Varun wants his daughter to find something fun and exciting in every part of her life, even if it seems mundane

As a father, what are the things you do with your daughter to help her build life skills? 

I actually try to expose my daughter to broader cultural elements from music, creativity and self-expression along with idea generating practices like allowing her to use and evolve her sense of imagination and people skills. More than anything, it’s how she converses with the people she meets that becomes my core focus, along with the fact that she should find something fun and exciting in every part of her life, even if it seems mundane. 

Do you think children need to be taught about life and the world’s ways, or do you think they learn as they grow? 

It’s a mixture. We shouldn’t shield them from the world but rather be honest with them. Too much shielding leads to a “stuck in a bubble” mindset. This doesn’t serve them right in the long term but understanding the nuance of what is too much too soon is important.

Are there any rules that you have set for your daughter? 

Yep, we have a bunch of rules for her. But we also allow her to ask why they exist. With kids, they become more mindful of finding structure in their lives as they grow. We also allow her to break some rules. 

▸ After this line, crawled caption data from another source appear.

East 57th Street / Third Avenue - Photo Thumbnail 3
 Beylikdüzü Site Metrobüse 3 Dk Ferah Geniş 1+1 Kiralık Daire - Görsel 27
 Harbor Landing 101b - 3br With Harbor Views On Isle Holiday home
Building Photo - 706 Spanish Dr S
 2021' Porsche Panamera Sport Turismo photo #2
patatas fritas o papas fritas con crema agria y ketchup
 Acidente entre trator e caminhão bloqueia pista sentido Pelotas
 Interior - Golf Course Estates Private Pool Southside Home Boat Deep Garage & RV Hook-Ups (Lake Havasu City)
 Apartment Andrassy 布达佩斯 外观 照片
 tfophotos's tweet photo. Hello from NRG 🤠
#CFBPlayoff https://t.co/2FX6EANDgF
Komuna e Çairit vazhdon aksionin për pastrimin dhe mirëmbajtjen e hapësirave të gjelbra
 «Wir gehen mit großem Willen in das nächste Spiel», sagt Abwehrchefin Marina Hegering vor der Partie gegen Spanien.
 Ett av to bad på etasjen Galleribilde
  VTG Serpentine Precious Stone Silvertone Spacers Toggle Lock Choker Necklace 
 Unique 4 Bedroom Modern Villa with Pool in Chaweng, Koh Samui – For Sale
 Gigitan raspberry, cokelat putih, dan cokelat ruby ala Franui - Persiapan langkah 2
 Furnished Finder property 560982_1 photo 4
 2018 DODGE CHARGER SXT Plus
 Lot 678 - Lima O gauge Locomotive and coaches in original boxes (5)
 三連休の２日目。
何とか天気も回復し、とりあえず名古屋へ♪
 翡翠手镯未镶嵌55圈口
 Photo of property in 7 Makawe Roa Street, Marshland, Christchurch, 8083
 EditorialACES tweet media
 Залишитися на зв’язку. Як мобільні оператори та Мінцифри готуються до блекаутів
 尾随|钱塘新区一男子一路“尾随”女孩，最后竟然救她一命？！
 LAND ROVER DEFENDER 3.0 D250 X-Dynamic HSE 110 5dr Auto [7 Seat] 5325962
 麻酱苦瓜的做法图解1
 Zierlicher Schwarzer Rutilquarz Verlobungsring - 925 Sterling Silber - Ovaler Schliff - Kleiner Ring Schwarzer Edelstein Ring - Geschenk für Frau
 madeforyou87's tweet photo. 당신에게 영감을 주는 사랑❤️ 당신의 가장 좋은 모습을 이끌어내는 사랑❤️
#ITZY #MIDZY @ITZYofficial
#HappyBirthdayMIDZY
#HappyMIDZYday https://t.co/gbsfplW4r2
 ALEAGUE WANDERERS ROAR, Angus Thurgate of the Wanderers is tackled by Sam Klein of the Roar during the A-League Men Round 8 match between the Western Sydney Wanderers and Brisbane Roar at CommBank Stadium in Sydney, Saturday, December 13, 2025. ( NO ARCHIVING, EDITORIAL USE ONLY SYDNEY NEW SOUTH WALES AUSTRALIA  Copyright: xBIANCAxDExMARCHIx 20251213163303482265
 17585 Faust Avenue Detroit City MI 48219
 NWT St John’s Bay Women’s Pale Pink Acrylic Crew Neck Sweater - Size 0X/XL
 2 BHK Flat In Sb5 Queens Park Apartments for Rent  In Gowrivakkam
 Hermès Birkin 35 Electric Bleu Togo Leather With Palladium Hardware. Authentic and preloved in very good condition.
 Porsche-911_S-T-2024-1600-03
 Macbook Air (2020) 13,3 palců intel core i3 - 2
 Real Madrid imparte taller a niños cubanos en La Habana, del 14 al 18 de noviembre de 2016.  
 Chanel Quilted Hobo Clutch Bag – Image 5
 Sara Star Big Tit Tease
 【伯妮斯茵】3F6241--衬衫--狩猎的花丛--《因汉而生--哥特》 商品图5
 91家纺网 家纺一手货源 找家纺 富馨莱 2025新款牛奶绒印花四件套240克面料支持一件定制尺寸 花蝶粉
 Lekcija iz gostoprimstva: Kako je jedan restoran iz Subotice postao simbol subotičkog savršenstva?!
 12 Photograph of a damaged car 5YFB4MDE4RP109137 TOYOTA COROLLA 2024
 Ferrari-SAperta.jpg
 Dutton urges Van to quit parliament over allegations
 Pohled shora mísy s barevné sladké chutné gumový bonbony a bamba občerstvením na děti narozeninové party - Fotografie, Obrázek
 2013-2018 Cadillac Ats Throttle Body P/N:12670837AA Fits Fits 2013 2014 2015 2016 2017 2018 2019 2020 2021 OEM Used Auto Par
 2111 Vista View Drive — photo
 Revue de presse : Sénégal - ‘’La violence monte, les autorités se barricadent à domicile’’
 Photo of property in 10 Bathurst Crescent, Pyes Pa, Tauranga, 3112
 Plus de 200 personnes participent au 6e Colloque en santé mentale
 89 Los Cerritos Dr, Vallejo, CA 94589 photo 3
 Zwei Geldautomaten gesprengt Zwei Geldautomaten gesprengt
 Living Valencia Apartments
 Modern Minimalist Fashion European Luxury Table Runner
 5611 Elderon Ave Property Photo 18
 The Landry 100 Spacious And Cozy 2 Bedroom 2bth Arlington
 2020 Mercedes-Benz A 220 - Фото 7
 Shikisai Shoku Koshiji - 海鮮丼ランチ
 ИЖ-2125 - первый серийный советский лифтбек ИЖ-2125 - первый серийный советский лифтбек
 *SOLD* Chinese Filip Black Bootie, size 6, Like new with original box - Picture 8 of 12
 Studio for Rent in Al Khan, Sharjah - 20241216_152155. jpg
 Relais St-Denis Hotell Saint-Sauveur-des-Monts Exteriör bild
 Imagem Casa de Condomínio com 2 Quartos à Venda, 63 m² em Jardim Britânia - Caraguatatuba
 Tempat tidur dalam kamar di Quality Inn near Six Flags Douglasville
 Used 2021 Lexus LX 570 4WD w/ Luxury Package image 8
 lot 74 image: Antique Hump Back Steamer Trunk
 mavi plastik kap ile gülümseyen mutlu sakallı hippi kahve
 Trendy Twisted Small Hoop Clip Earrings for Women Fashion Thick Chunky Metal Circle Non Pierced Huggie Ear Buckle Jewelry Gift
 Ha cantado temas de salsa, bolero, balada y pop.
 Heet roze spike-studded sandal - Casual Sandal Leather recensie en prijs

Varun says we often misconstrue equal to be exact reflections of duty for both parents when it comes to equal parenting

How important do you think is equal parenting? 

Equal parenting is the only way parenting should be. But i think we misconstrue equal to be exact reflections of duty for both parents. Equal as we see it is sharing the responsibilities of bringing up our daughter in a way that we both focus on what we can innately take care of, and take away what the other would instead not do while maintaining the core fundamental that the balance of tasks shouldn’t be heavily skewed towards one of us doing all the work. This nuance is essential.

As a parent, what are the things you handle when it comes to bringing up your daughter? 

I wake her up and get her ready for school every morning ( my wife takes on from her breakfast), and we take turns dropping her at school. I’m more than happy to take on all poop-related duties & any nighttime needs ( which now she thankfully doesn’t wake up for). We share or try to do all activities together with her in everything else. 

“I want to enable my daughter to be a true global citizen” – Varun Duggirala

Usually, moms are the bad cop when it comes to disciplining kids. What’s the scene with you? Are you the good cop or the bad cop when it comes to your daughter? 

I don’t think we have an excellent cop-bad cop mentality, but we both have ways to deal with her when she needs a sterner voice. I’m, at most times, the silly one but also the one who can be very tough on her when she needs it ( my wife is a lot more balanced). But I believe showing that human beings look and behave differently basis one’s actions is critical for a child to know and understand.

What is the one thing you disliked or liked from your childhood and don’t want or would love your daughter to experience?

I had a lovely childhood. My parents had me young and gave me all the exposure to how the world is that they could. I’d want to extend that further and enable my daughter to be a true global citizen with a broad understanding of how it flows and functions.